STOCKHOLM Sweden’s Electrolux AB (ELUXb.ST) said on Monday it would double U.S. sales by paying $3.3 billion in cash for General Electric Co’s (GE.N) appliances business in its biggest ever deal, giving it the scale to go head-to-head with larger rival Whirlpool (WHR.N).
GE’s century-old household appliance business, which had $5.7 billion in 2013 revenue, could help the Swedish company expand beyond its core European market, where growth has trailed that in North America.
Electrolux, the world’s second-largest appliance maker by sales, will see its annual sales in North America more than double to over $10 billion, similar in size to Whirlpool’s sales there. It also gets to keep the iconic GE Appliance brands.
The GE unit sells refrigerators, stoves, air conditioners and water heaters under the GE Monogram, GE Cafe and Hotpoint brands.
“I think it’s a historic event for Electrolux. I’m very excited about it. I think the fit – the strategic fit, the industrial logic – is compelling,” Electrolux Chief Executive Keith McLoughlin told Reuters.
While the price tag is higher than the $2 billion to $2.5 billion figure that some people familiar with the business had estimated, analysts said the company was not overpaying. The deal includes GE’s 48.4 percent stake in Mexican appliance maker Mabe.
Reuters reported last week that Electrolux was near a deal to buy the GE business for more than $2.5 billion.
The deal is likely to clear antitrust hurdles in the United States, with some asset sales possible to ensure that it complies with antitrust law, according to three experts.
“The ultimate question is whether it (the proposed deal) will affect the cost of refrigerators. I suspect the answer is no,” said Evan Stewart of the law firm Cohen & Gresser LLP.
Electrolux said the price was 7.0-7.3 times GE Appliance’s estimated 2014 earnings before tax, interest, depreciation and amortization (EBITDA), based on an enterprise value, including debt, of $3.45 billion, according to ThomsonReuters data.
Including expected annual cost savings of around $300 million, the multiple paid for GE would be much lower at around five times EBITDA, Electrolux Chief Financial Officer Tomas Eliasson told a conference call.
“If they manage to realize the synergies, it’s clearly a good multiple,” said Kepler Cheuvreux analyst Johan Eliason, adding that the inclusion of the Mabe stake would strengthen Electrolux’s position in Latin America on top of the clout it is gaining in North America.
“They’re getting access to both North and South America in a very good way, and will become very strong in all of the Americas,” Eliason said.
The deal will be financed by a bridge facility, and the company plans a rights issue to raise about 25 percent of the price after the deal’s expected closing next year, Electrolux said.

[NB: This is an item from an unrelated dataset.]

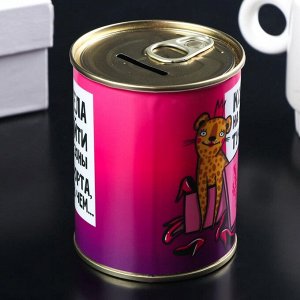 Копилка для денег «Банка. Коплю на туфли и сумку», металл, 7.5?9.5 см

Investor (INVEb.ST), the investment company founded by Sweden’s Wallenberg family and owner of 15.5 percent of Electrolux’s capital, gave the deal and the right issue its stamp of approval.
“As the leading owner, with a long-term ownership horizon, we find Electrolux’s acquisition of GE Appliances industrially attractive and fully support it,” Investor Chief Executive Börje Ekholm said.
ELECTROLUX SHARES RISE
Electrolux shares closed up 9.6 crowns, or 5 percent, at 197.10 crowns, outperforming the wider Stockholm market .OMXS30. GE shares finished down 2 cents, or .08 percent, at $26.08 per share on the New York Stock Exchange.

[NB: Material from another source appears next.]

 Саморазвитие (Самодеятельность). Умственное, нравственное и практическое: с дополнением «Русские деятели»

General Electric put the profitable but low-margin appliance business up for sale in 2008, but talks fizzled out as the global recession took hold. The unit is almost exclusively focused on the U.S. market and has lacked global scale.
GE said last month that it was evaluating strategic options for the home appliance business, including discussions with Electrolux.

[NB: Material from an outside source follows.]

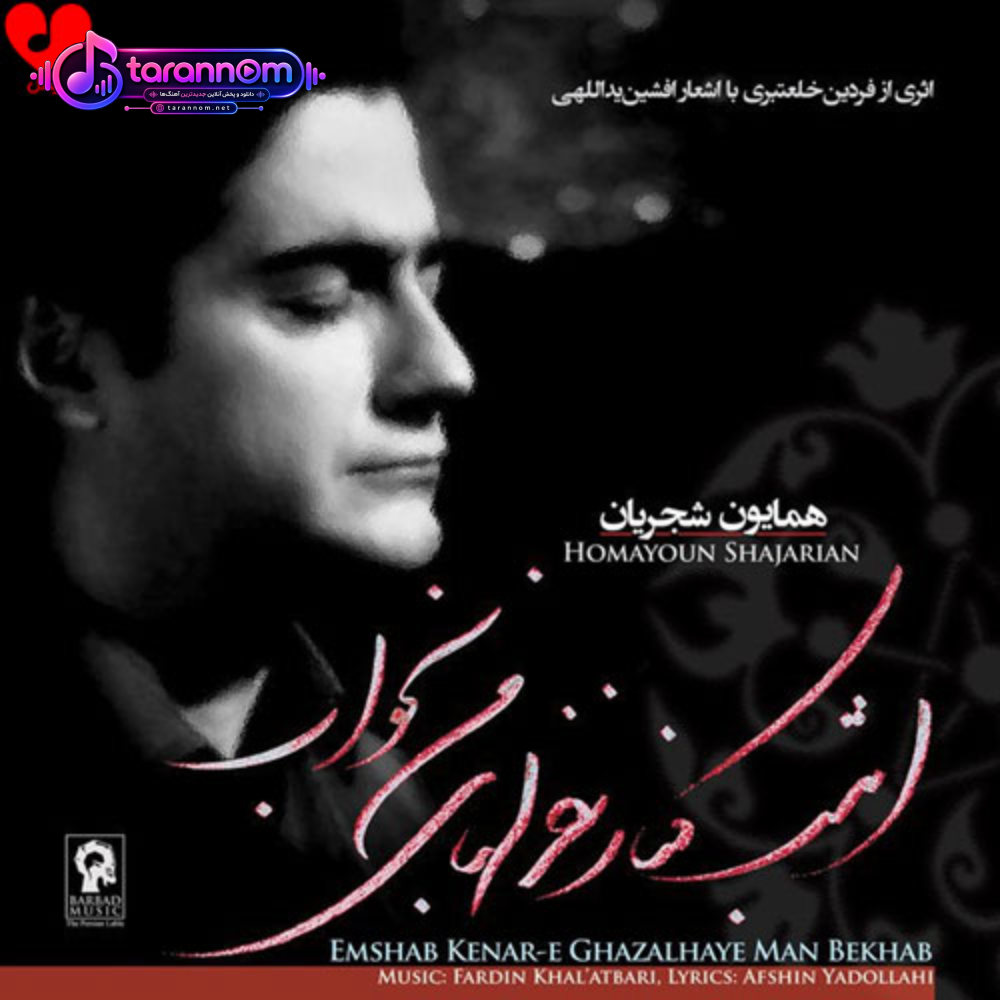 هجوم خاطره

“There will always be small non-core disposals over time, Appliances is likely the largest industrial exit we will see for some time,” said Morgan Stanley analyst Nigel Coe in a research note.
Last year, GE Appliances had sales of $5.7 billion, 90 percent of which were in North America, with EBITDA of $390 million, including the share of profit from Mabe.
Electrolux, which sells under brands such as Frigidaire, AEG and Zanussi as well as its own name, is the world’s second-largest home appliance maker after Whirlpool, but has its strongest market position in Europe.
In 2013, western Europe accounted for 28 percent of group sales while North America represented 32 percent. Organic growth in North America was 7 percent while in Europe it was 0.4 percent.
Rival Whirlpool had revenues of $18.8 billion in 2013 against $22.5 billion for a combined Electrolux and GE Appliances.
Whirlpool has also been on the acquisition path, buying a 60 percent stake in Italian firm Indesit IND.MI, which had revenues of 2.7 billion euros ($3.49 billion) in 2013. It has also agreed to buy Hefei Rongshida Sanyo Electric Co (600983.SS) which had 2013 revenues of around $850 million.
Deutsche Bank and SEB Corporate Finance were Electrolux’s financial advisers on the deal, while Davis Polk & Wardwell was lead legal advisor. GE was advised by Goldman Sachs and law firm Sidley Austin LLP.